Vunipola’s ban was reduced from three to two matches after he completed World Rugby’s coaching intervention program, otherwise known as ‘tackle school’.
I had to do my time for the crime I committed
Defence coach Kevin Sinfield oversees rugby’s equivalent of the driving awareness course for England players and Vunipola insists it was a useful exercise.
In a quip at the number of red cards England have received for dangerous tackles – three in four Tests – Vunipola said: “Kev is very well rehearsed in running those tackle schools, which is probably not a good thing for me to say.
“For me it did feel a bit like sucking eggs, but it taught me a lot in terms of my technique.
“Kev is very good at his job so it only took us one time to do because when you do it you have to film it.
“I learned a lot about using my arms and the biggest thing was lowering my height. I’m such a big guy that I’m so used to using my body as a mechanism to stop someone rather than technically getting in the right position.
“It was good for me so hopefully you won’t be seeing any of that any more.”
When Steve Borthwick named his World Cup squad, Vunipola was present as the only specialist number eight but his absence has allowed Ben Earl and Lewis Ludlam to shine in the position.

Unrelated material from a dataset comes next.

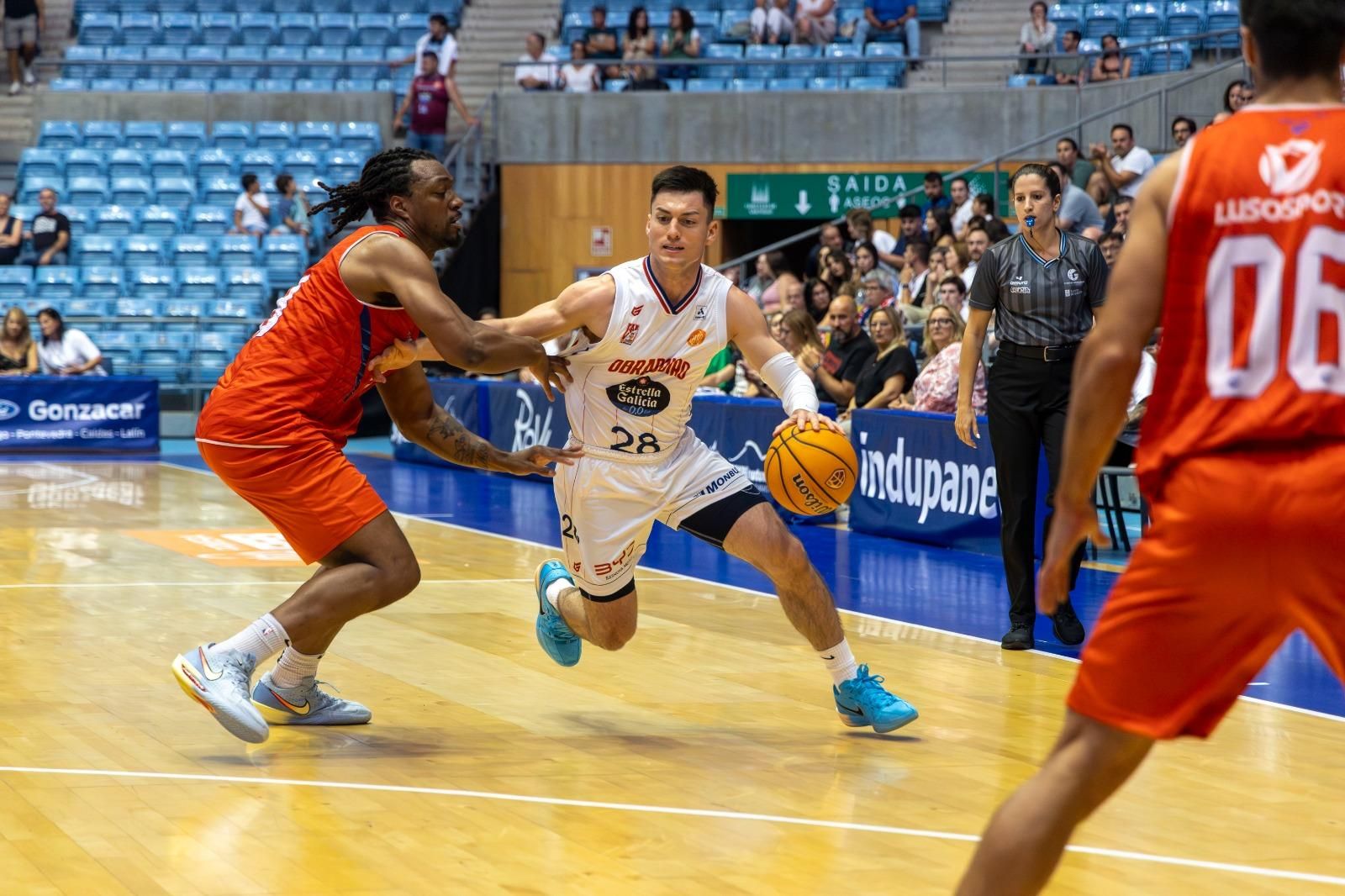 El Obradoiro se lleva su torneo con sangre, sudor y lágrimas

It sets-up a three-way shootout for the jersey against Samoa on October 7 when England will revert to their strongest XV having taking the opportunity to rotate against Chile, the lowest ranked opponents of Pool D.
Earl is currently in pole position after proving to be a revelation so far in the World Cup and its build-up and Vunipola has enjoyed watching his Saracens team-mate finally get the opportunity to shine in a red rose jersey.
“There are six back rows vying for three places, so competition is always going to help push the team forward,” he said.
“The team has been doing really well with Ben Earl at eight. When we beat Argentina I was pumped – probably a little bit too pumped, as you probably all saw on the big screen!
“I was happy for the team. I’m happy as long as we are doing well. Like everyone else I want to play, but if I can contribute in any way I can, I’m happy to do that.”